Dans le paysage,une mémoire affective éclabousse le lieu… Un oubli taraude…
Travail en cours, engagé depuis février 2017: dessins et textes sur papier aux techniques (Bic, pastel gras, pastel sec, crayon graphite…)et formats divers.
Une nouvelle série qui prend de l’ampleur. Toujours ce besoin de «triturer», d’«épuiser» le sujet…
J’invente des paysages: des étendues d’herbes hautes, des champs, clôturés au loin par quelques bosquets. Un espace bucolique, image d’Épinal, de quiétude , de sérénité, d’isolement, de vacance. J’ai «planté»le décor, toujours le même ou presque.
Cet espace est occupé par un drap blanc,étendu, suspendu. Ce drap pourrait être le linge de quelque lessive quotidienne, familière.
En lien avec mon travail de dessin, j’effectue une recherche de textes d’auteurs ( A.Camus, G. Bataille, N. Rykiel,O. Lalo,C. Delaume…), dans lesquels il y a le mot maman.
Maman, la mère, en plus intime, la mère dotée d’une charge affective. Ce terme m’attire pour la notion de proximité et d’éminente pudeur qu’il sous-tend.
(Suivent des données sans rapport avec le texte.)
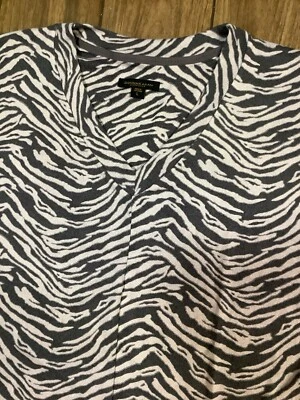 Vestido Donna Karan para mujer talla grande abertura lateral manga 3/4 largo estampado de cebra Foto 1 de 4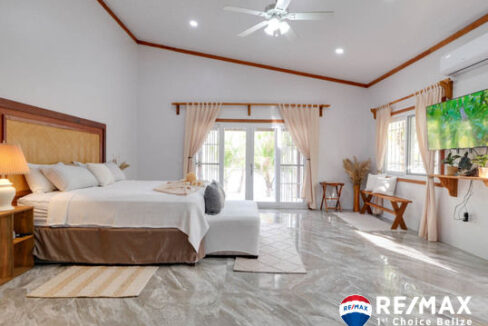 3345_20251022placencia_beach_house050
Maman, la mère, bénéfique et protectrice selon les mots de Louise Bourgeois.
Je travaille les textes trouvés en biffant certains mots et éléments de ponctuation pour trouver un nouveau texte, un autre sens, avec pour règle de respecter l’ordre du texte original. Pour jouer d’une double lecture, ce dernier reste lisible, barré légèrement. Texte à double entrée, à double voix, l’autre et soi.
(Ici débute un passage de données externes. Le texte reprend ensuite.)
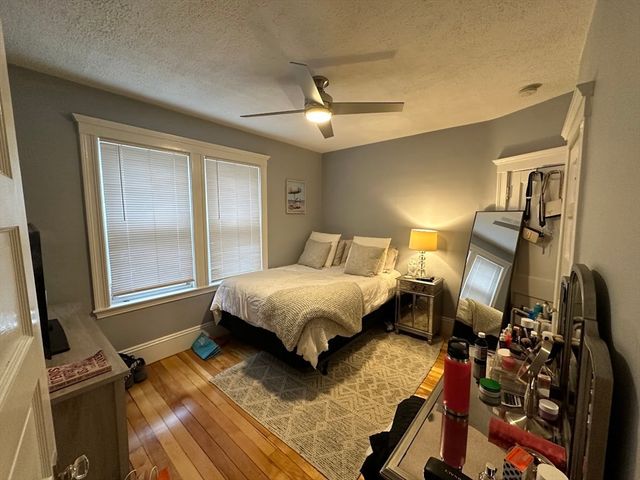 207 Boston Ave B, Medford, MA 02155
Entre dessins et textes, je cherche une résonance, une évidence d’écho.
Dessins et textes se poursuivent.
En même temps, je cherche une image plastiquement évanescente, floue : pour çà,le trait du Bic est perçu sur l’envers ou le pastel sec est transféré…
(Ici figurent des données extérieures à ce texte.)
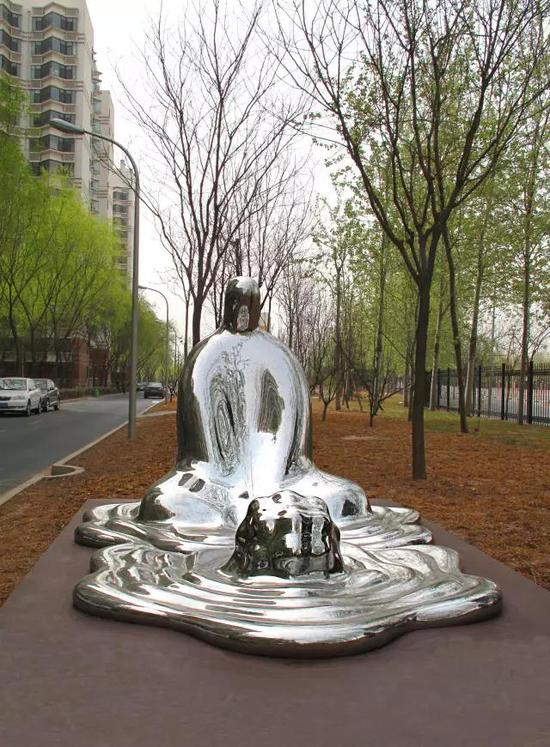 王志刚 无为 不锈钢 550c×360×200cm 2011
Écho. Le paysage est alors habité, ou entravé, par le drap.
De rares fois, le drap est la cabane d’enfance, élément protecteur,un espace dans l’espace. Ou, semi-opaque, il donne à voir des silhouettes en ombre chinoise.
Parfois, ce dernier semble se mouvoir dans la figure du fantôme.
Surtout, le drap devient élément plastique, fenêtre vierge,percée blanche, béance. On ne retire pas le drap : il est là. Le drap ouvre un autre espace.
Le drap est écran. Le drap est le motif qui appelle la figure. Quelque chose doit se «révéler».
Il est réceptacle d’images en latence.On fait apparaître ou naître, sur lui, à travers lui, des images; on se projette. Ces images sont volatiles.
Le drap est la condition d’un « hypothétique surgissement que la conscience suppose ou désire ».Il a une fonction mnésique ou fantasmagorique.
Je poursuis un corpus de dessins et textes dont je veux que tous se répondent: je projette ce travail comme un ensemble d’images qui envahit le mur du sol au plafond.